A favorite professor of mine once mentioned that the key to feeling at home in a new place is to find your favorite spaces. Not just indoors, but outside as well. We know our homes--inside and out--we know our favorite shady spots under the trees, we know our gardens, our pastures, our favorite parks and walks. In Georgia, I knew where the best blackberries grew,  where the mountain laurel bloomed. I knew the best hiking spots.I knew where the deepest spots on our creek were, and where our horses liked the graze. I knew the land as much as I knew my house. But, here, in Maryland... I didn't know much outside of the work-grocery-store-home triangle.

It wasn't until we decided to purchase our little old house and move downtown that Maryland started to feel more like a home.

Living downtown required me to spend more time walking. Walking our pittie Solo around the block, walking downtown for coffee or food, and walking in the nearby park. A slower pace, walking forces you to take stock, to notice the small things, to smell, hear, and taste the things around you. Walking forced me to get to know this place, to learn it step by step, to discover it foot by foot.

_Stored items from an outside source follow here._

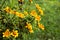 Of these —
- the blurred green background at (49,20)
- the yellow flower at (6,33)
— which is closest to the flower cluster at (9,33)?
the yellow flower at (6,33)

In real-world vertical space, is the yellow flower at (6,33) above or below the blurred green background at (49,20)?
above

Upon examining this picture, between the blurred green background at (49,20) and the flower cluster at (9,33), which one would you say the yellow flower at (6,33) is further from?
the blurred green background at (49,20)

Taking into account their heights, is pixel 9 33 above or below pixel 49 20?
above

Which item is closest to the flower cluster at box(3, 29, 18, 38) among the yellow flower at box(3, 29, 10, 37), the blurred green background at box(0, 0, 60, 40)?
the yellow flower at box(3, 29, 10, 37)

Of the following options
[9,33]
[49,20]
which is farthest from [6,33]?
[49,20]

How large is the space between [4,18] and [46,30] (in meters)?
1.71

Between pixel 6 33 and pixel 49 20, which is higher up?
pixel 6 33

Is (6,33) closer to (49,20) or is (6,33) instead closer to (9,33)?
(9,33)

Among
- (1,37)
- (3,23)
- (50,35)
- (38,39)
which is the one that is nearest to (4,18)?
(3,23)

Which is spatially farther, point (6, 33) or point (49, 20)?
point (49, 20)

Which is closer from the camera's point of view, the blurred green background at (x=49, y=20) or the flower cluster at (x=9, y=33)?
the flower cluster at (x=9, y=33)

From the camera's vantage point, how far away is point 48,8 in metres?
5.53

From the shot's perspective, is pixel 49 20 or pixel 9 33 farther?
pixel 49 20

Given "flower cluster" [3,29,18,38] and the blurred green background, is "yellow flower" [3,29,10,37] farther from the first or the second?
the blurred green background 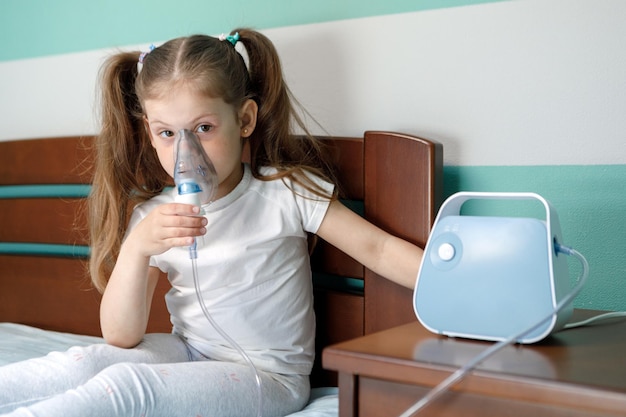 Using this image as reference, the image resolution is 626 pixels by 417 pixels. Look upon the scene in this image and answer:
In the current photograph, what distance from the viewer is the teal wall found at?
1.38m

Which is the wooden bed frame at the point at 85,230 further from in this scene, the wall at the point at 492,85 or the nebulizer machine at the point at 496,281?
the nebulizer machine at the point at 496,281

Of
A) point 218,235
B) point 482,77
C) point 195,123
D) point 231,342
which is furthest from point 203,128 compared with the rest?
point 482,77

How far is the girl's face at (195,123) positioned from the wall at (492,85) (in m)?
0.27

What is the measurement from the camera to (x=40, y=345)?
152 centimetres

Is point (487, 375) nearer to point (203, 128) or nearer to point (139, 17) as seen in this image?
point (203, 128)

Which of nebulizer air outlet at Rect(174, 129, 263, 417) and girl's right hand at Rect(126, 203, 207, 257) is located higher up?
nebulizer air outlet at Rect(174, 129, 263, 417)

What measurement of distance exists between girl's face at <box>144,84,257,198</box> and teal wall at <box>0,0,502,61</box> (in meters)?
0.32

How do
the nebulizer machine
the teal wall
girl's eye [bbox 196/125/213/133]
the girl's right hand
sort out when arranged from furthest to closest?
the teal wall < girl's eye [bbox 196/125/213/133] < the girl's right hand < the nebulizer machine

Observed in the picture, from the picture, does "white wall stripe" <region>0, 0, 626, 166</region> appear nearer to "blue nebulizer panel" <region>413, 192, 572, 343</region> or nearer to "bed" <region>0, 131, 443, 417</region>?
"bed" <region>0, 131, 443, 417</region>

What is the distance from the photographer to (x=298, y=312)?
126 centimetres

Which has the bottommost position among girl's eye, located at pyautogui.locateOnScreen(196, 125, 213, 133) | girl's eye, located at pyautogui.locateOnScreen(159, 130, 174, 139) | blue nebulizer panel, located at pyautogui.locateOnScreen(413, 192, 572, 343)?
blue nebulizer panel, located at pyautogui.locateOnScreen(413, 192, 572, 343)

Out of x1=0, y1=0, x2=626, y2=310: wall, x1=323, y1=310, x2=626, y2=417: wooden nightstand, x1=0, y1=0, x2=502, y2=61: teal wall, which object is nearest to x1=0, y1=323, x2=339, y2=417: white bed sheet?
x1=323, y1=310, x2=626, y2=417: wooden nightstand

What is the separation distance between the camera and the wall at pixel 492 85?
1145 millimetres

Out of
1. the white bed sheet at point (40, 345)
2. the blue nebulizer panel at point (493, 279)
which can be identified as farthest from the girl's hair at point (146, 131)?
the blue nebulizer panel at point (493, 279) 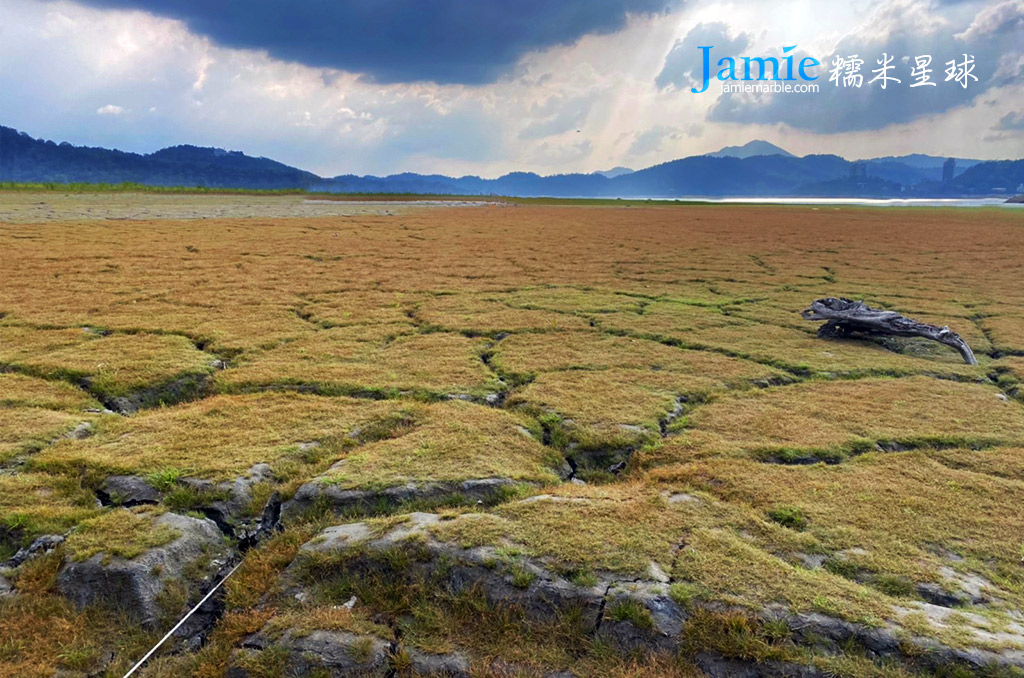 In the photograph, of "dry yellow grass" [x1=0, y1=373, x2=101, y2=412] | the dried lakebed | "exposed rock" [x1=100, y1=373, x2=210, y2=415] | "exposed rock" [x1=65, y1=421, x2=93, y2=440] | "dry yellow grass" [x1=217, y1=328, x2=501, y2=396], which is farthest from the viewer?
"dry yellow grass" [x1=217, y1=328, x2=501, y2=396]

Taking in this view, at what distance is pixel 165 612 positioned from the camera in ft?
10.6

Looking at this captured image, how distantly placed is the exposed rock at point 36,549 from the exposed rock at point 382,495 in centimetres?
124

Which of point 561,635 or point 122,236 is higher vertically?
point 122,236

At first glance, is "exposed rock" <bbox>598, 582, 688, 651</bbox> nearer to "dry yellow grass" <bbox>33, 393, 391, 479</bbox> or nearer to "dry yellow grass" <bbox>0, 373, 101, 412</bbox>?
"dry yellow grass" <bbox>33, 393, 391, 479</bbox>

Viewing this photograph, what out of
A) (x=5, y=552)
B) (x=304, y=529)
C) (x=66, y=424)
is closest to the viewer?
(x=5, y=552)

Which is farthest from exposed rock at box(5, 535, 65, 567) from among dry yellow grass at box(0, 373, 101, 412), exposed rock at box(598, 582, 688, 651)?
exposed rock at box(598, 582, 688, 651)

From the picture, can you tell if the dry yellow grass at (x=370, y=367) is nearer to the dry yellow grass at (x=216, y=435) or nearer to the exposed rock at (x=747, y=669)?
the dry yellow grass at (x=216, y=435)

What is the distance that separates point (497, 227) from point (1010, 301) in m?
→ 21.3

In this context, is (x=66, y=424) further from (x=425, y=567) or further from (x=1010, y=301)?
(x=1010, y=301)

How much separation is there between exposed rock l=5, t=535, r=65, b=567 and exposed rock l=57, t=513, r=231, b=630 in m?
0.25

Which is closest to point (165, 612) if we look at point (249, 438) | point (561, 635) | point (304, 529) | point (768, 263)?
point (304, 529)

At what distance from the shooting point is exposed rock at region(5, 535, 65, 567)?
347cm

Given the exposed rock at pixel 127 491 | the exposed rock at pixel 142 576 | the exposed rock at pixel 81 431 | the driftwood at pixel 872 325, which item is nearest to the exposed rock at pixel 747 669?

Now, I know which houses have secretly beautiful backyard gardens. I know where the bunnies like to hide. Who knew cities had bunnies? But they do. They nestle in backyards, in the tall grasses growing in little-used alleyways. I know where the quietest benches are located in the park. I know that the Memorial Garden is always cool thanks to the shade cast by the large oaks that grow there. I know where some of Frederick's hidden murals are tucked downtown. I know where the country's oldest and largest ginkgo grows, its leaves showering gold. And I know my own backyard: where the sunlight hits, coaxing tomatoes and peppers to root, spread, and grow.

I do still miss the Deep South with all its humidity, mosquitoes, peaches, and howdy ya'lls, but I have gotten to know Frederick a little better this year. And I have to say, the quirky old belle has her own idiosyncrasies, beauties, and graces, all worth knowing.

1 comment:

  1. So, I totally just googled "idiosyncrasies". :)

    There are a lot of places around our city that I'm just now discovering and we still haven't really met our neighbors (whoops!). It takes awhile for a new place to become "home" but it's always a great feeling when it does!